Exercise directions:
Word for word, return the entries listed below.

Data:
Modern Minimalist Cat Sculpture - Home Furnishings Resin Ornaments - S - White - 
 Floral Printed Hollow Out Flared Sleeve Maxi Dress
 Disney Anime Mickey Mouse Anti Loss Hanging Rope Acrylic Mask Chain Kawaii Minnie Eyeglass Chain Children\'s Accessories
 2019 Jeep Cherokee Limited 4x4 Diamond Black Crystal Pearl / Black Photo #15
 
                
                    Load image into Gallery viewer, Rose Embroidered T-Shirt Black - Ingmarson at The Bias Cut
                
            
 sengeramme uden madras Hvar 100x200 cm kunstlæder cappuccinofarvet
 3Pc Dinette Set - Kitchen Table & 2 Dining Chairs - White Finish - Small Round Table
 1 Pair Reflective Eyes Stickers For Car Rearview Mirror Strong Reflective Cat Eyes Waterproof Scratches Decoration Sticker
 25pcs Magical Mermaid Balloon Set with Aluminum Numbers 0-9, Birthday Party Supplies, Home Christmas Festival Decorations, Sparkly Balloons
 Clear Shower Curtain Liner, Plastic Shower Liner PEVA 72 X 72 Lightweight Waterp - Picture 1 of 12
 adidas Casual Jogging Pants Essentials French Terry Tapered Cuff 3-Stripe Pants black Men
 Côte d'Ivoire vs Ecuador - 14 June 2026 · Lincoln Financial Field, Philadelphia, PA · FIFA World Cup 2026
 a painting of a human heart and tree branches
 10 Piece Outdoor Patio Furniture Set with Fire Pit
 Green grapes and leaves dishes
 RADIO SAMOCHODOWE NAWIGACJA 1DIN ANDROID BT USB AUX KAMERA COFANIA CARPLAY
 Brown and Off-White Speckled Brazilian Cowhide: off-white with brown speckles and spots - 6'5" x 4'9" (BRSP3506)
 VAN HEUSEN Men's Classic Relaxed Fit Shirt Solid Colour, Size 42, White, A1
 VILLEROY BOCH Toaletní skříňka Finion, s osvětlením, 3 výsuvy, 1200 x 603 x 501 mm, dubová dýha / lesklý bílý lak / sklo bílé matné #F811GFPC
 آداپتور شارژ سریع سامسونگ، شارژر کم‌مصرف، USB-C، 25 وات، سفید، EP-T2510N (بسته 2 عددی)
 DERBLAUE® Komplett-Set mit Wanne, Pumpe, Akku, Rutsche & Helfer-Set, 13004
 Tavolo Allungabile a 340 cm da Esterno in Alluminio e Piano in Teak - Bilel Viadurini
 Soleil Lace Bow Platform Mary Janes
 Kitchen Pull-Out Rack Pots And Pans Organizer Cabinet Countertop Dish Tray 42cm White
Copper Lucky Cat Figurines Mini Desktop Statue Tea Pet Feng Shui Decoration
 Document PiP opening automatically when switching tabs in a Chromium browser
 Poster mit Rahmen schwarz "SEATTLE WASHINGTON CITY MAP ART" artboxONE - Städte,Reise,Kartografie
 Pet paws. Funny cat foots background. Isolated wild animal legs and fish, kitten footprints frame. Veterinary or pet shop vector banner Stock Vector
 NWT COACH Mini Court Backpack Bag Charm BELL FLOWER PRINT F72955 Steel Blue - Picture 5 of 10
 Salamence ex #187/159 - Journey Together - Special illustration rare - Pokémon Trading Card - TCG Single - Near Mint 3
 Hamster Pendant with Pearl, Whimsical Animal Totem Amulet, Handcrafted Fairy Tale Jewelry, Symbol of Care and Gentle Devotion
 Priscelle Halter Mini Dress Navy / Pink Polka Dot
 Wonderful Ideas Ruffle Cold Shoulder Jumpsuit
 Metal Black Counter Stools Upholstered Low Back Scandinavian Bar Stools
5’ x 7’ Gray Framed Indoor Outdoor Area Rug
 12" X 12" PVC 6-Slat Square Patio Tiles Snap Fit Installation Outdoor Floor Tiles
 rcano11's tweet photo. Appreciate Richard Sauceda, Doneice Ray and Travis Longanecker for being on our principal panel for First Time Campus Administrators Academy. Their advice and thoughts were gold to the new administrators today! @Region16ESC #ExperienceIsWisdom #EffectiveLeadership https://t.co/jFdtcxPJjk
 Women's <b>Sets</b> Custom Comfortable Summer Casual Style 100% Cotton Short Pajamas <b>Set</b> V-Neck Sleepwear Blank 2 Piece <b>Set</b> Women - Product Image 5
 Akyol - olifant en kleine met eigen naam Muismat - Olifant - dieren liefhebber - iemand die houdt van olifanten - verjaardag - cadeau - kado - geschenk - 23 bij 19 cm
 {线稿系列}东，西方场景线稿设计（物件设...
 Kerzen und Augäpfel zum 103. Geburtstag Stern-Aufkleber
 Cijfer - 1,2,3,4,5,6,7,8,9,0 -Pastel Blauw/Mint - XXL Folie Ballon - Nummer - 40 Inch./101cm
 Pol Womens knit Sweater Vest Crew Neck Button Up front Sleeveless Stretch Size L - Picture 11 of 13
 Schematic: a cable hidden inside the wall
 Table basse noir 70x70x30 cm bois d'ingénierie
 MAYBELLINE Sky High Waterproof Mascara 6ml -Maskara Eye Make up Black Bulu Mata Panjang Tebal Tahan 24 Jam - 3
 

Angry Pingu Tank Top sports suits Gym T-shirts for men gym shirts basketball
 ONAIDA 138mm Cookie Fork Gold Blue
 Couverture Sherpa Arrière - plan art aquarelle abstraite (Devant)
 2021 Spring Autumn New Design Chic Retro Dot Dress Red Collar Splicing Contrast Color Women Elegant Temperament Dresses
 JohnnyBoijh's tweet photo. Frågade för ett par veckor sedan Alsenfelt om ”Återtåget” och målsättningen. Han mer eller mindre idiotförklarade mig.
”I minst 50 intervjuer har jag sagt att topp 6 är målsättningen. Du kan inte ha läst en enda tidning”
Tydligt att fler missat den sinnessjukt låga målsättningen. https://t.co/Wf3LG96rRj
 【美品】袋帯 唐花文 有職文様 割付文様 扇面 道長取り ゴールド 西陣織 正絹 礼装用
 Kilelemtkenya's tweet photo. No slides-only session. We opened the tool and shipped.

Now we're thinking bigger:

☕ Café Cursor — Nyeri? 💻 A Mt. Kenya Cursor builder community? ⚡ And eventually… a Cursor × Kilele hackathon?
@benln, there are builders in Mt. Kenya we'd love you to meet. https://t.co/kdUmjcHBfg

Result of this task:
Modern Minimalist Cat Sculpture - Home Furnishings Resin Ornaments - S - White - 
 Floral Printed Hollow Out Flared Sleeve Maxi Dress
 Disney Anime Mickey Mouse Anti Loss Hanging Rope Acrylic Mask Chain Kawaii Minnie Eyeglass Chain Children\'s Accessories
 2019 Jeep Cherokee Limited 4x4 Diamond Black Crystal Pearl / Black Photo #15
 
                
                    Load image into Gallery viewer, Rose Embroidered T-Shirt Black - Ingmarson at The Bias Cut
                
            
 sengeramme uden madras Hvar 100x200 cm kunstlæder cappuccinofarvet
 3Pc Dinette Set - Kitchen Table & 2 Dining Chairs - White Finish - Small Round Table
 1 Pair Reflective Eyes Stickers For Car Rearview Mirror Strong Reflective Cat Eyes Waterproof Scratches Decoration Sticker
 25pcs Magical Mermaid Balloon Set with Aluminum Numbers 0-9, Birthday Party Supplies, Home Christmas Festival Decorations, Sparkly Balloons
 Clear Shower Curtain Liner, Plastic Shower Liner PEVA 72 X 72 Lightweight Waterp - Picture 1 of 12
 adidas Casual Jogging Pants Essentials French Terry Tapered Cuff 3-Stripe Pants black Men
 Côte d'Ivoire vs Ecuador - 14 June 2026 · Lincoln Financial Field, Philadelphia, PA · FIFA World Cup 2026
 a painting of a human heart and tree branches
 10 Piece Outdoor Patio Furniture Set with Fire Pit
 Green grapes and leaves dishes
 RADIO SAMOCHODOWE NAWIGACJA 1DIN ANDROID BT USB AUX KAMERA COFANIA CARPLAY
 Brown and Off-White Speckled Brazilian Cowhide: off-white with brown speckles and spots - 6'5" x 4'9" (BRSP3506)
 VAN HEUSEN Men's Classic Relaxed Fit Shirt Solid Colour, Size 42, White, A1
 VILLEROY BOCH Toaletní skříňka Finion, s osvětlením, 3 výsuvy, 1200 x 603 x 501 mm, dubová dýha / lesklý bílý lak / sklo bílé matné #F811GFPC
 آداپتور شارژ سریع سامسونگ، شارژر کم‌مصرف، USB-C، 25 وات، سفید، EP-T2510N (بسته 2 عددی)
 DERBLAUE® Komplett-Set mit Wanne, Pumpe, Akku, Rutsche & Helfer-Set, 13004
 Tavolo Allungabile a 340 cm da Esterno in Alluminio e Piano in Teak - Bilel Viadurini
 Soleil Lace Bow Platform Mary Janes
 Kitchen Pull-Out Rack Pots And Pans Organizer Cabinet Countertop Dish Tray 42cm White
Copper Lucky Cat Figurines Mini Desktop Statue Tea Pet Feng Shui Decoration
 Document PiP opening automatically when switching tabs in a Chromium browser
 Poster mit Rahmen schwarz "SEATTLE WASHINGTON CITY MAP ART" artboxONE - Städte,Reise,Kartografie
 Pet paws. Funny cat foots background. Isolated wild animal legs and fish, kitten footprints frame. Veterinary or pet shop vector banner Stock Vector
 NWT COACH Mini Court Backpack Bag Charm BELL FLOWER PRINT F72955 Steel Blue - Picture 5 of 10
 Salamence ex #187/159 - Journey Together - Special illustration rare - Pokémon Trading Card - TCG Single - Near Mint 3
 Hamster Pendant with Pearl, Whimsical Animal Totem Amulet, Handcrafted Fairy Tale Jewelry, Symbol of Care and Gentle Devotion
 Priscelle Halter Mini Dress Navy / Pink Polka Dot
 Wonderful Ideas Ruffle Cold Shoulder Jumpsuit
 Metal Black Counter Stools Upholstered Low Back Scandinavian Bar Stools
5’ x 7’ Gray Framed Indoor Outdoor Area Rug
 12" X 12" PVC 6-Slat Square Patio Tiles Snap Fit Installation Outdoor Floor Tiles
 rcano11's tweet photo. Appreciate Richard Sauceda, Doneice Ray and Travis Longanecker for being on our principal panel for First Time Campus Administrators Academy. Their advice and thoughts were gold to the new administrators today! @Region16ESC #ExperienceIsWisdom #EffectiveLeadership https://t.co/jFdtcxPJjk
 Women's <b>Sets</b> Custom Comfortable Summer Casual Style 100% Cotton Short Pajamas <b>Set</b> V-Neck Sleepwear Blank 2 Piece <b>Set</b> Women - Product Image 5
 Akyol - olifant en kleine met eigen naam Muismat - Olifant - dieren liefhebber - iemand die houdt van olifanten - verjaardag - cadeau - kado - geschenk - 23 bij 19 cm
 {线稿系列}东，西方场景线稿设计（物件设...
 Kerzen und Augäpfel zum 103. Geburtstag Stern-Aufkleber
 Cijfer - 1,2,3,4,5,6,7,8,9,0 -Pastel Blauw/Mint - XXL Folie Ballon - Nummer - 40 Inch./101cm
 Pol Womens knit Sweater Vest Crew Neck Button Up front Sleeveless Stretch Size L - Picture 11 of 13
 Schematic: a cable hidden inside the wall
 Table basse noir 70x70x30 cm bois d'ingénierie
 MAYBELLINE Sky High Waterproof Mascara 6ml -Maskara Eye Make up Black Bulu Mata Panjang Tebal Tahan 24 Jam - 3
 

Angry Pingu Tank Top sports suits Gym T-shirts for men gym shirts basketball
 ONAIDA 138mm Cookie Fork Gold Blue
 Couverture Sherpa Arrière - plan art aquarelle abstraite (Devant)
 2021 Spring Autumn New Design Chic Retro Dot Dress Red Collar Splicing Contrast Color Women Elegant Temperament Dresses
 JohnnyBoijh's tweet photo. Frågade för ett par veckor sedan Alsenfelt om ”Återtåget” och målsättningen. Han mer eller mindre idiotförklarade mig.
”I minst 50 intervjuer har jag sagt att topp 6 är målsättningen. Du kan inte ha läst en enda tidning”
Tydligt att fler missat den sinnessjukt låga målsättningen. https://t.co/Wf3LG96rRj
 【美品】袋帯 唐花文 有職文様 割付文様 扇面 道長取り ゴールド 西陣織 正絹 礼装用
 Kilelemtkenya's tweet photo. No slides-only session. We opened the tool and shipped.

Now we're thinking bigger:

☕ Café Cursor — Nyeri? 💻 A Mt. Kenya Cursor builder community? ⚡ And eventually… a Cursor × Kilele hackathon?
@benln, there are builders in Mt. Kenya we'd love you to meet. https://t.co/kdUmjcHBfg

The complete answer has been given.